The LCD takes about a half an hour and it involves a big circle of people who move clockwise and go sidestep/sidestep/stomp left/kick right… repeat. Inside the circle the bride does a ritualized dance with various partners.
The bride’s partner can be either male of female. Sometimes, the male waves a white towel while he’s dancing, like Meat Loaf used to do with the red hanky.
At one point, both the groom and the bride’s father came in the ring with the white towels. I think that symbolized the moment when the father says to the husband, “She is now off my books and on yours. No take-backs.”
It’s all very ritualized. I’m sure there are meanings behind every gesture.
For example, this gesture means, “Let’s go bowling.”
Hey, who bleached the Terrible Towels?
Even after the LCD was done, I swear the bride never left the dance floor.

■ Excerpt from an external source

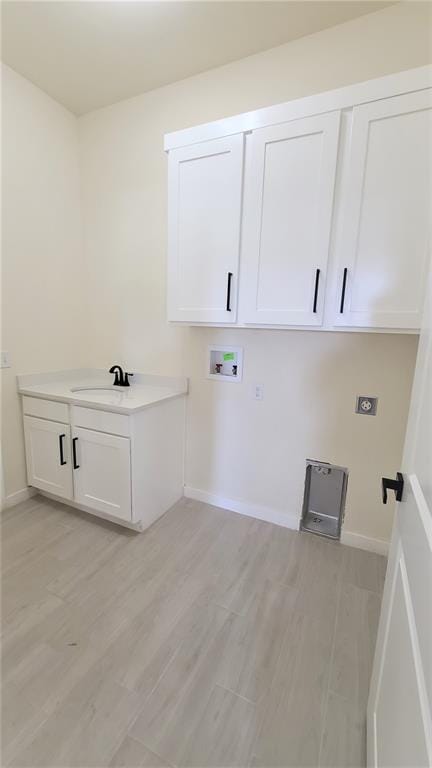 laundry area featuring cabinets, hookup for a washing machine, hookup for an electric dryer, sink, and light hardwood / wood-style floors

Baby girl must have incredible stamina… either that or she was all hopped up on goofballs. Wasn’t my kind of music though, but that’s just a generational thing. I was digging when they played Stevie Wonder’s “Superstition” though. Can’t deny The Funk. But the kids, God bless’em, they danced long into the night.
And me? All night long I couldn’t help looking at the portraits up on easels in the corner.
No matter how grown up she gets, I can’t help but see that little girl with the Hershey’s Kiss eyes.